Tempos Difíceis
− Eu fui contra esta greve, Carmelita, desde o começo.
− Então você votou pelo fim dela?
Vicente coçou a cabeça, um tique que aparecia sempre que estava nervoso.
− Pela continuação.
− Não entendo mais nada. Você é contra a greve, mas vota pela continuação. Coisa de doido mesmo.
− Coisa de doido é ficar 128 dias de greve e voltar ao trabalho sem ganhar nada.

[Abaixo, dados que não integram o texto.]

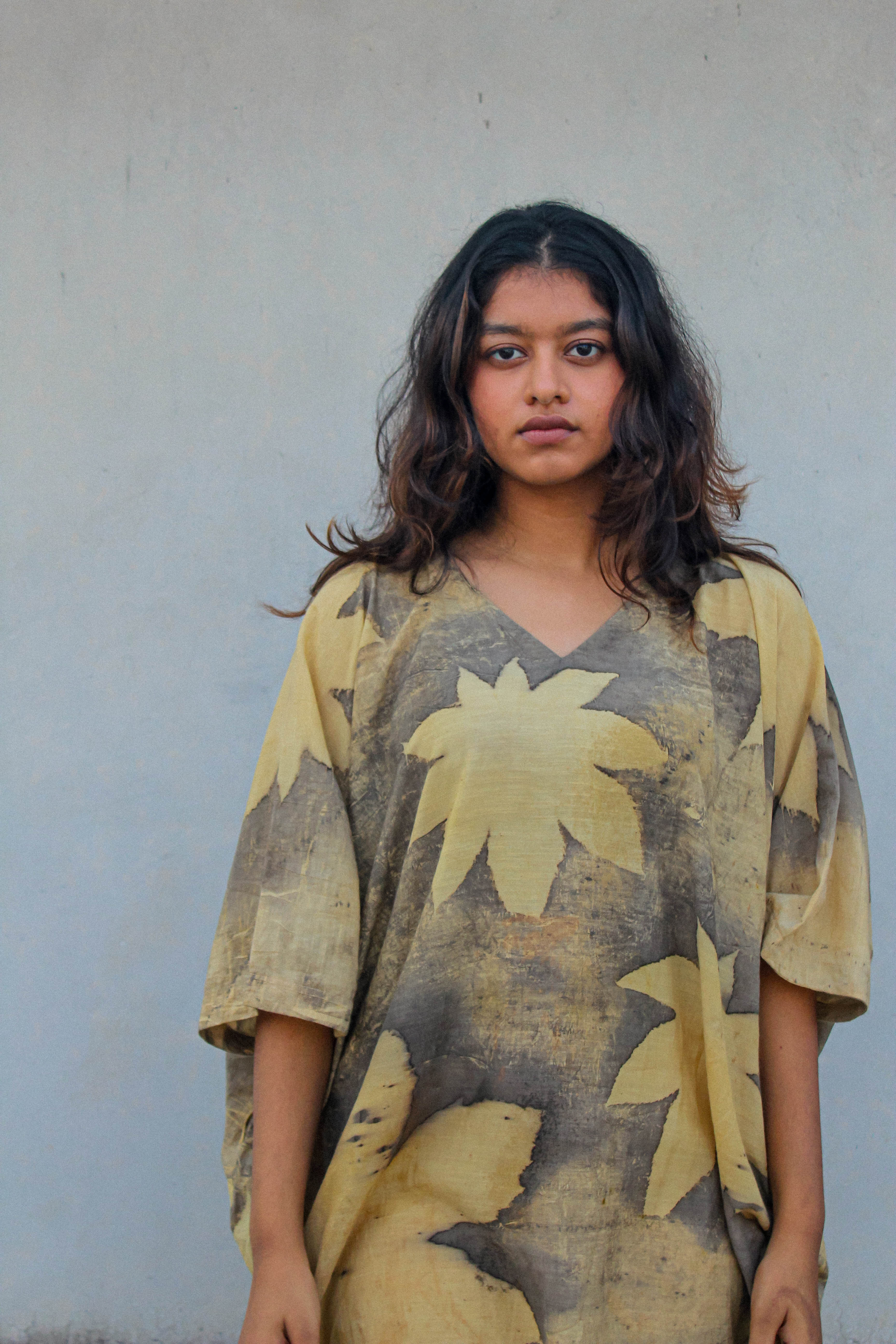 Abstract Shirt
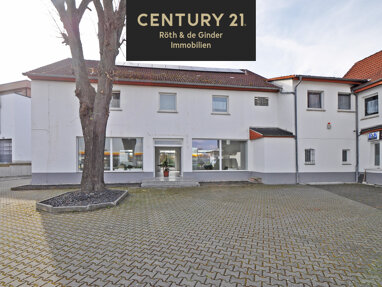 Bürofläche zur Miete 2.200 € 2 Zimmer 186 m² Bürofläche Wieseck Gießen 35396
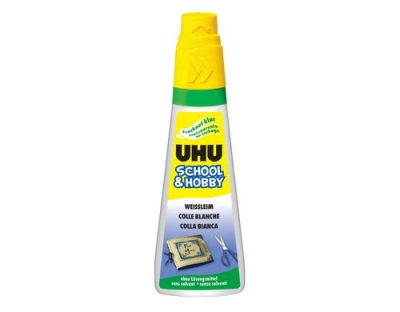 UHU Weissleim School&Hobby 100g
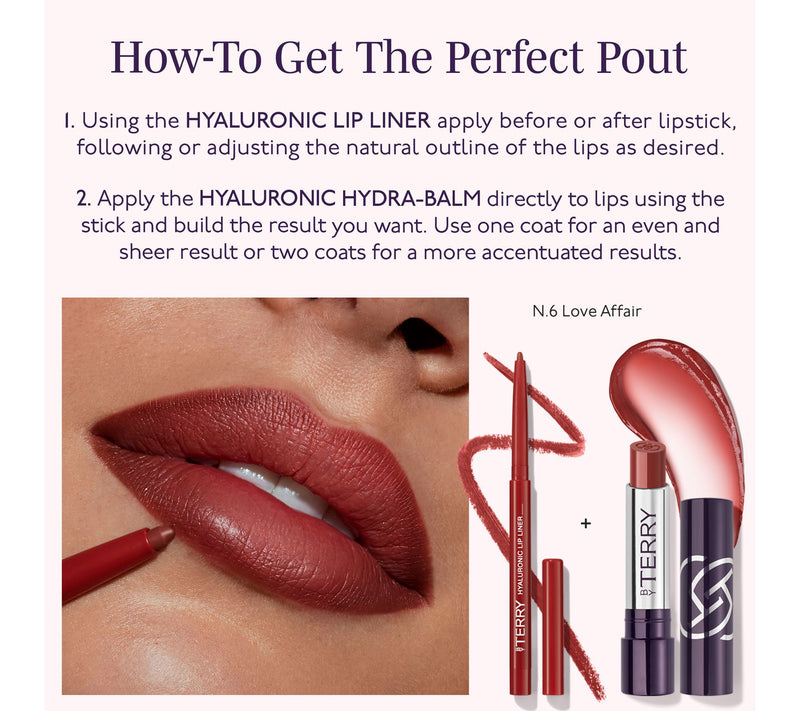 By Terry Hyaluronic Lip Liner — View 8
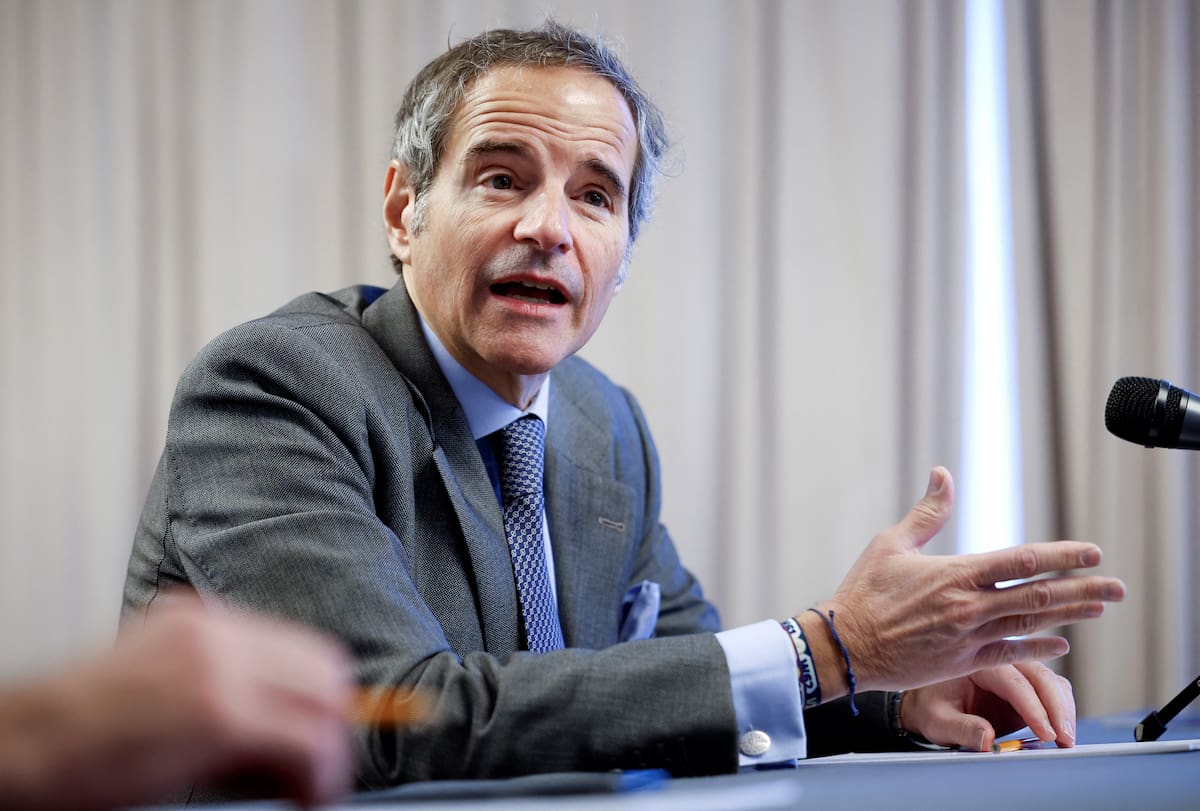 El elegido por Time como el argentino más influyente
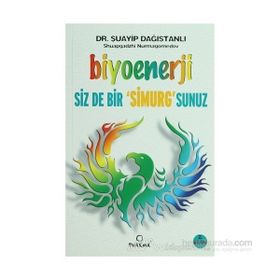BIYOENERJI - ŞUAYİP DAĞISTANLI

− O que eu não aguento mais, Vicente, é olhar as latas de mantimentos vazias, é não ter crédito para comprar um mísero litro de leite, é ver você dentro de casa, andando de um lado para outro com essa cara de bezerro desmamado.
− E as costuras?
− Que costura, Vicente! Nesta cidade todos dependem da Usina. Alguém vai mandar fazer alguma roupa se está faltando dinheiro pra comida? Tem um monte de gente me devendo. Eu é que vou manter a casa?
Vicente deixou a mulher falando sozinha e foi pro quintal. Olhou desolado para os canteiros nus da horta, nenhum pé de nada. Pegou a enxada de qualquer jeito e com fúria destruiu o que já não tinha ali.
− Sai do sol, homem, este calor vai te matar.
Vicente foi se acalmando, sentou numa pilha de tijolos e ficou ouvindo a cantoria da sua mulher lá dentro.
− Fred, já terminou o dever?
− Terminei, mãe.
− Então descasca umas batatas.
− Ah, não! Vamos comer batata de novo, mãe? Quando é que vai ter carne nesta casa?
− Quando a greve acabar e seu pai receber. Agradeça a Deus por termos estas batatinhas que sua avó mandou.
Vicente escutou o comentário da mulher, pegou a bicicleta e saiu.
− Aonde você vai, Vicente? Daqui a pouco a comida tá pronta.
Carmelita ficou olhando Vicente se afastar, empurrando cabisbaixo sua velha Caloi.
Voltou uma hora depois, embrulho de jornal debaixo do braço. Carmelita esperava no portão:
− Cadê a bicicleta?
− Vendi.
− Vendeu? E agora? Como você vai pro trabalho?
− Preocupa não, saio mais cedo, vou a pé. Eu me viro.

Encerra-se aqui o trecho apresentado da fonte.